Data supplied section start

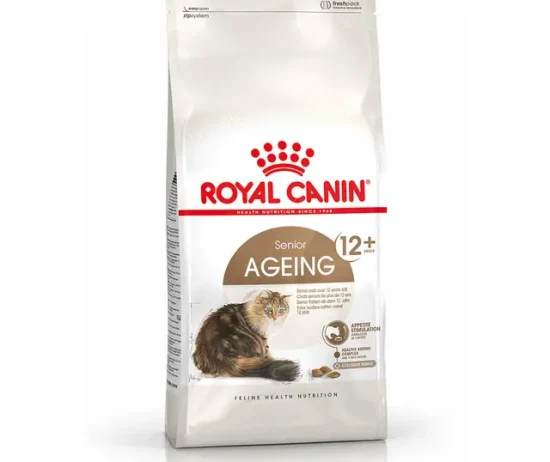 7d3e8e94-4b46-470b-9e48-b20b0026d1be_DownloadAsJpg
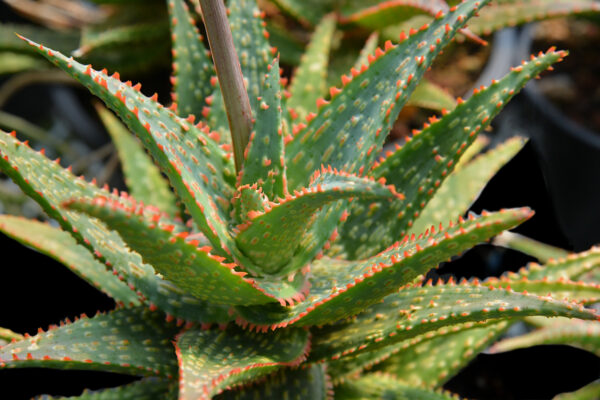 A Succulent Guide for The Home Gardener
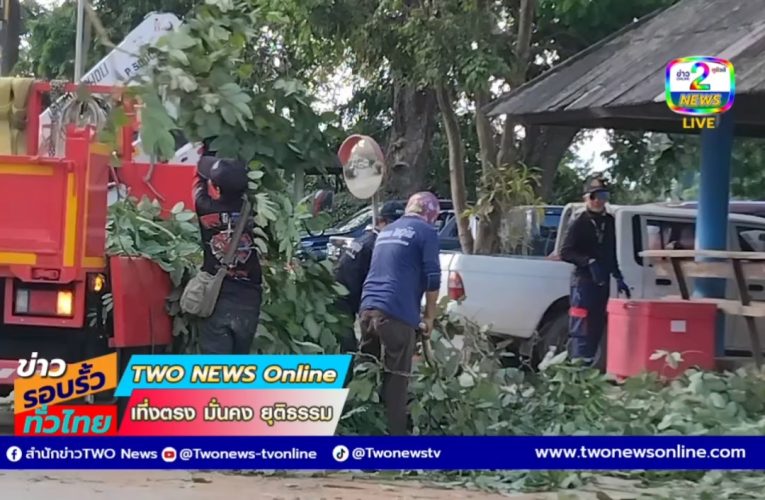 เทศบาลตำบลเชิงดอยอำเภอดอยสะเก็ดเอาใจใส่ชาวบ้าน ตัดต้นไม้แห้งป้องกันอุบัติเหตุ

Data supplied section end
Data supplied section start

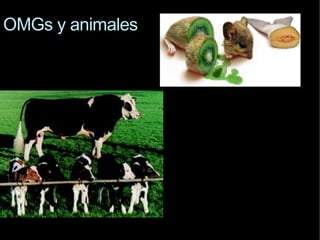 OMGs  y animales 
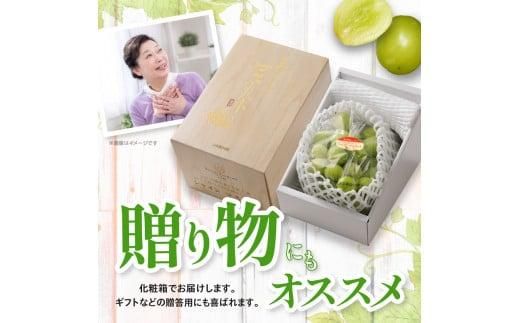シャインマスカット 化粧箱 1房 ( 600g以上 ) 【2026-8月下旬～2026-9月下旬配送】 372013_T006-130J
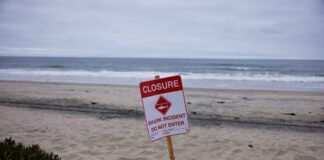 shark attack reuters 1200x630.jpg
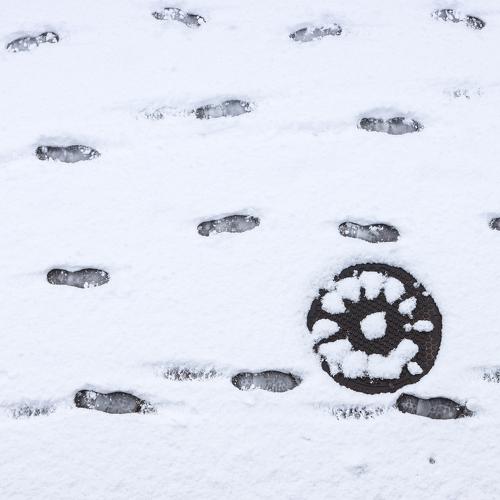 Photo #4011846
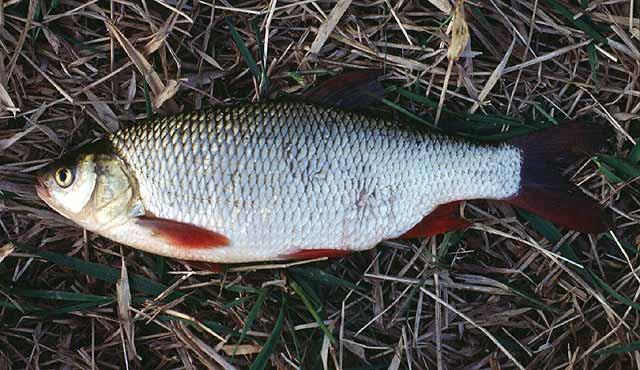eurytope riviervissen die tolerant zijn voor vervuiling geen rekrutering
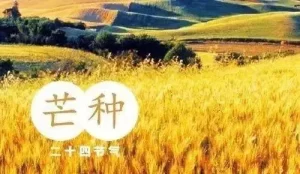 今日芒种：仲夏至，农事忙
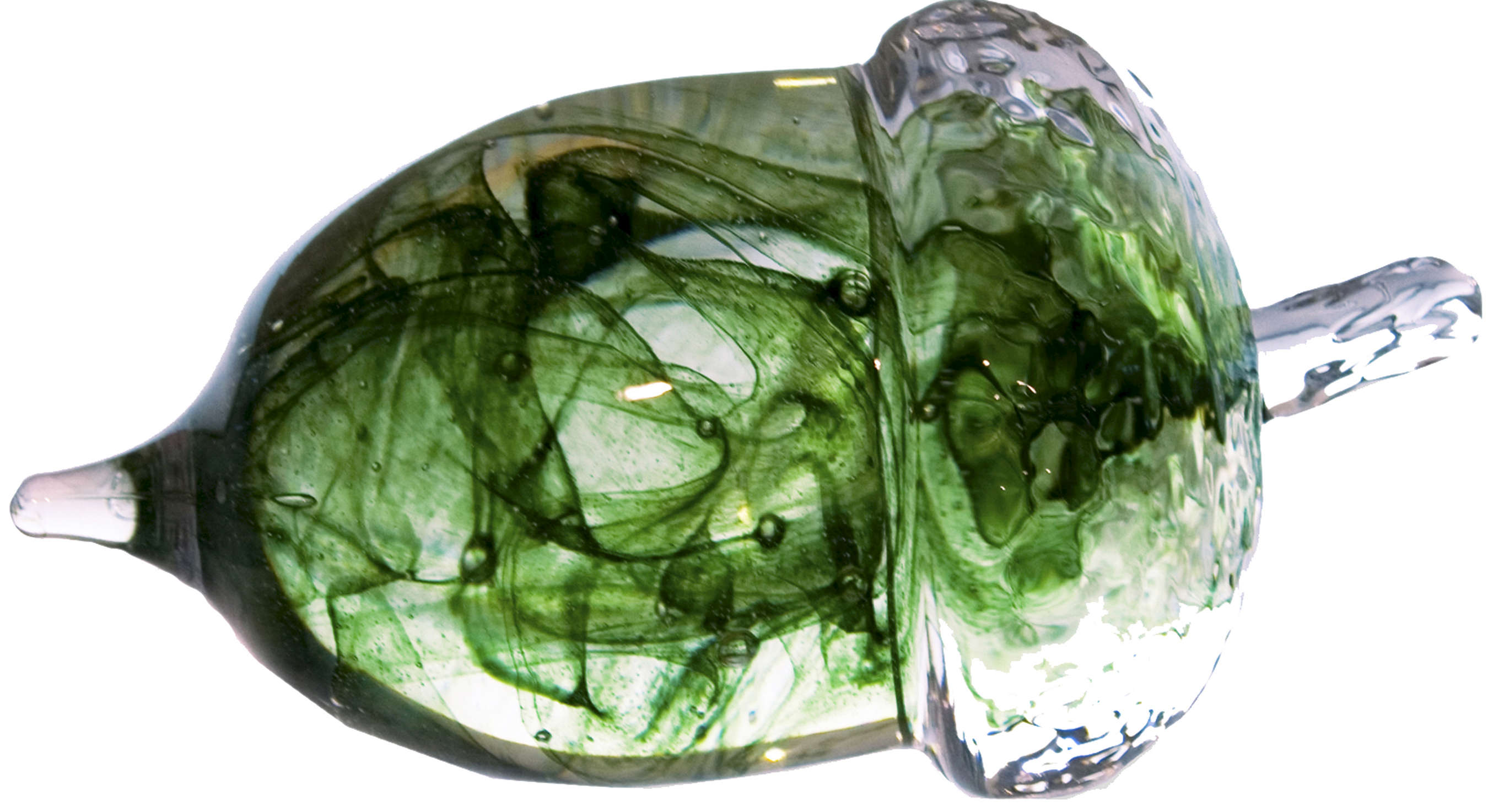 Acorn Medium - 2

Data supplied section end

| What needs to be done |
A clean copy is needed of the lines in the listing above from the one with "シャインマスカット 化粧箱 1房" through the one with "Acorn Medium - 2", exact in every word and free of pictures.

| Written answer |
シャインマスカット 化粧箱 1房 ( 600g以上 ) 【2026-8月下旬～2026-9月下旬配送】 372013_T006-130J
 shark attack reuters 1200x630.jpg
 Photo #4011846
eurytope riviervissen die tolerant zijn voor vervuiling geen rekrutering
 今日芒种：仲夏至，农事忙
 Acorn Medium - 2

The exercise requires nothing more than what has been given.